BEGIN

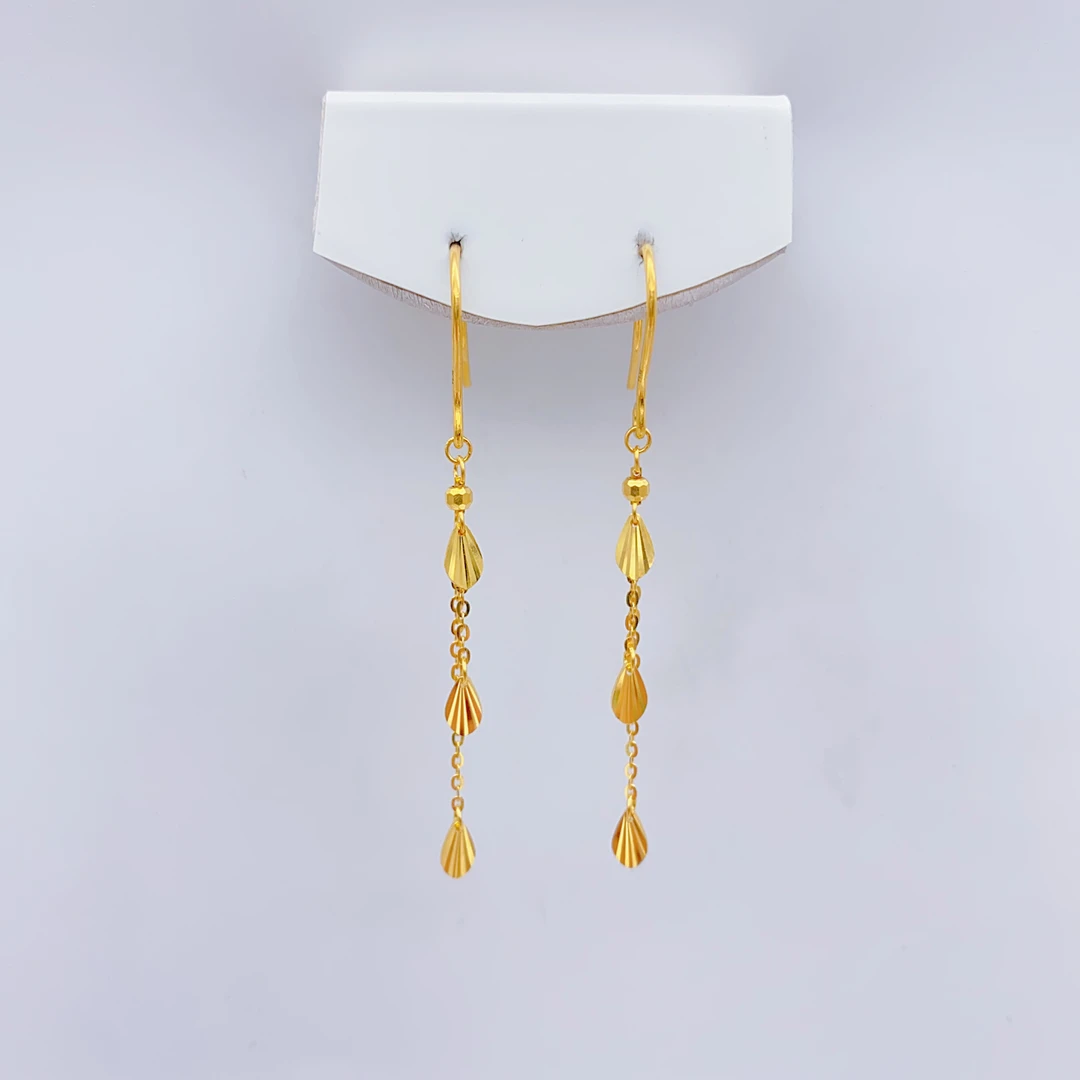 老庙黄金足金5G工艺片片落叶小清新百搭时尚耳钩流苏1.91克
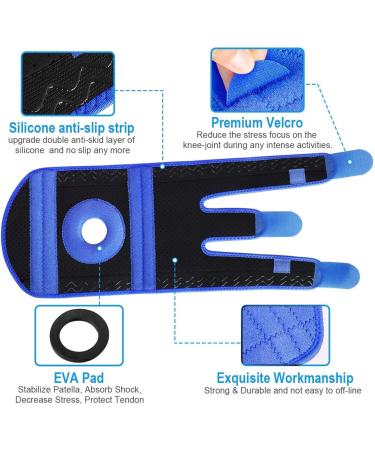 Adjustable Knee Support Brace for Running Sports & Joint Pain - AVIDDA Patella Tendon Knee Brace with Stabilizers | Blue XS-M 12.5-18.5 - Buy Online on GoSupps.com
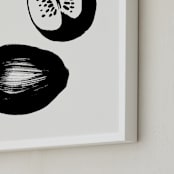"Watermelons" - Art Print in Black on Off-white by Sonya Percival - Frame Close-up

END

* [Problem requirements] Word for word, restate all of the material, omitting the images.

* [Response to this exercise]
 老庙黄金足金5G工艺片片落叶小清新百搭时尚耳钩流苏1.91克
 Adjustable Knee Support Brace for Running Sports & Joint Pain - AVIDDA Patella Tendon Knee Brace with Stabilizers | Blue XS-M 12.5-18.5 - Buy Online on GoSupps.com
"Watermelons" - Art Print in Black on Off-white by Sonya Percival - Frame Close-up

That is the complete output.